Assigned task:
Nothing but the lines from the one containing "民警組成的搜尋隊(duì)利" through the last line of the records belongs in the answer, copied exactly and with the pictures left out.

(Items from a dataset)
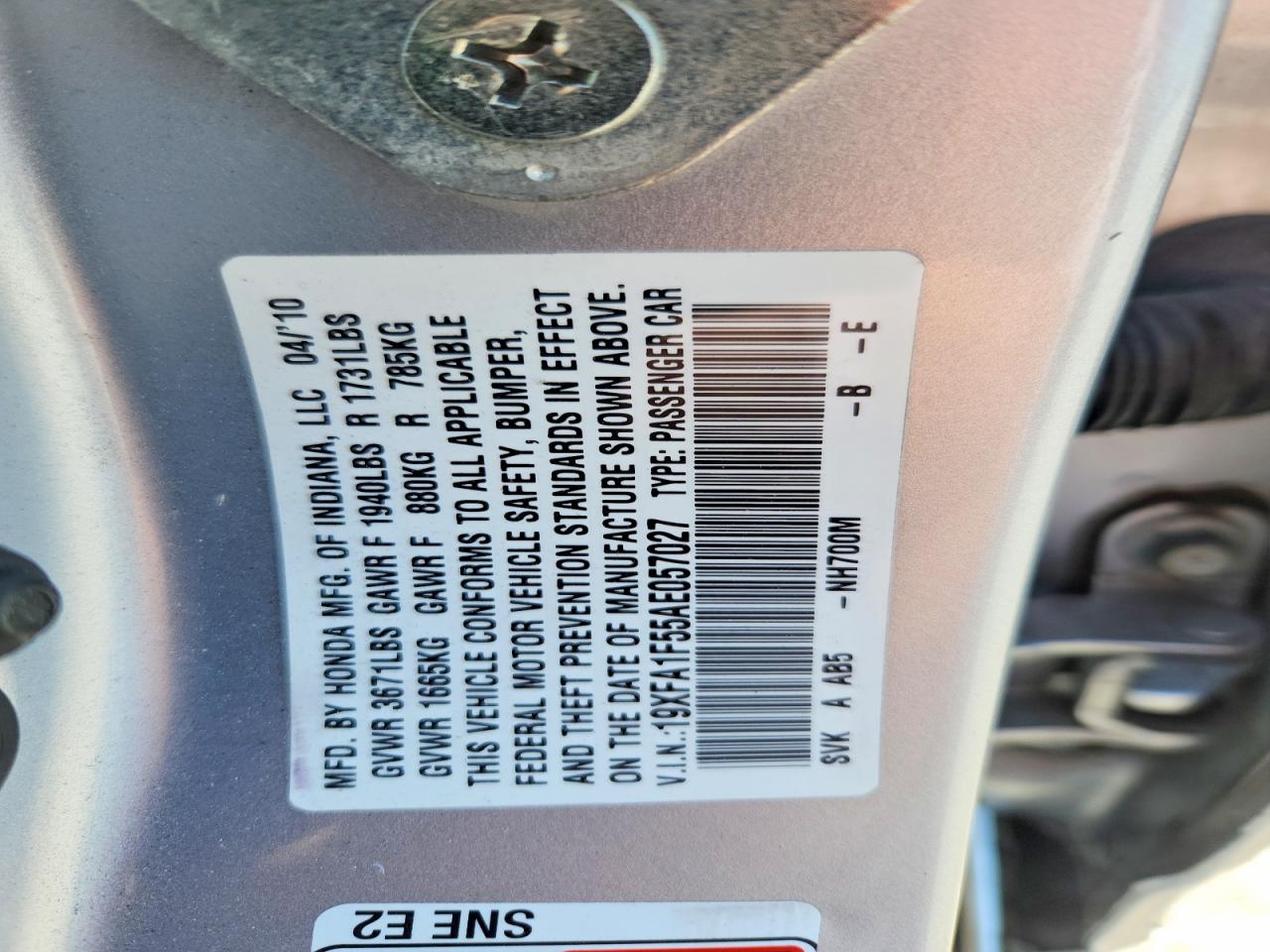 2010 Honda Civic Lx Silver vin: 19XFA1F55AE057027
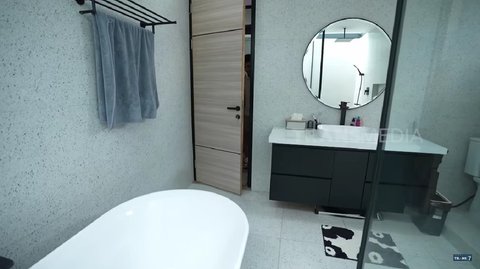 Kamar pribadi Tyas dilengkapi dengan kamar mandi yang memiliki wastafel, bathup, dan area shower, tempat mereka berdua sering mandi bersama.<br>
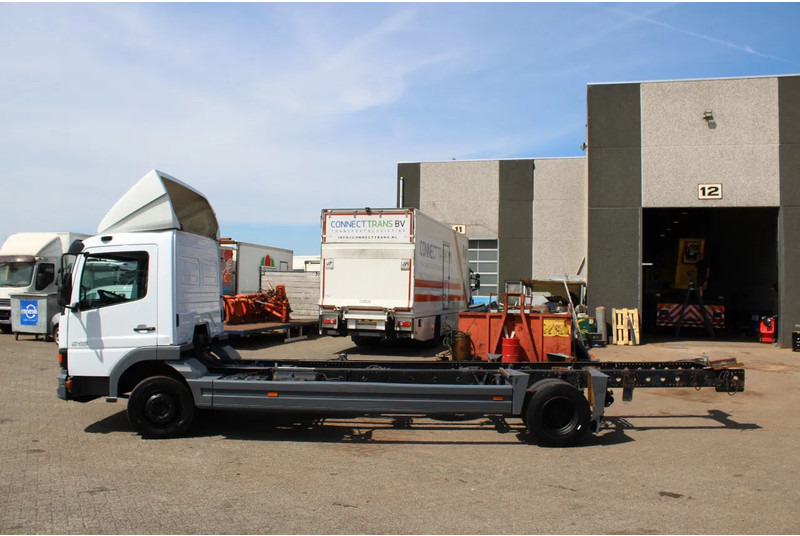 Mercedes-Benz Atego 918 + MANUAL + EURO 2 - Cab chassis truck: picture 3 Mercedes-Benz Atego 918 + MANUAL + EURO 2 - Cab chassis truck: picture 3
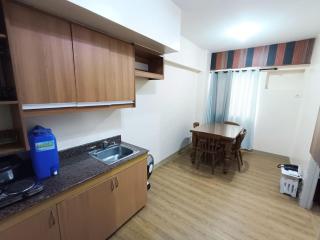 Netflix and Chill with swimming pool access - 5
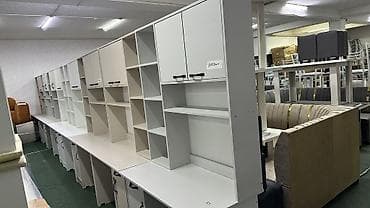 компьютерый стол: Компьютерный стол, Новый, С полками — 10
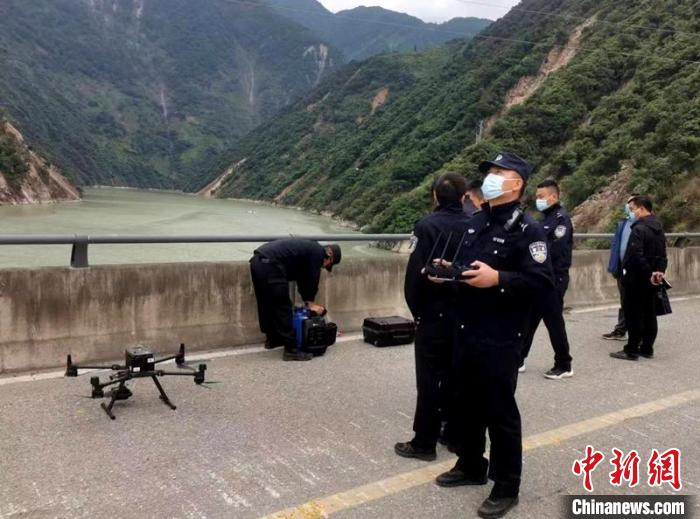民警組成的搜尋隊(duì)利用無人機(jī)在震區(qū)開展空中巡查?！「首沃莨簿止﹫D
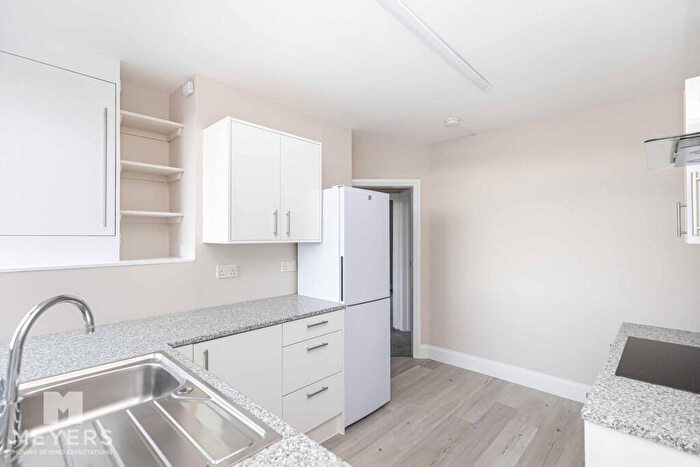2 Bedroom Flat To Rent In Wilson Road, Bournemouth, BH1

Response box:
民警組成的搜尋隊(duì)利用無人機(jī)在震區(qū)開展空中巡查?！「首沃莨簿止﹫D
2 Bedroom Flat To Rent In Wilson Road, Bournemouth, BH1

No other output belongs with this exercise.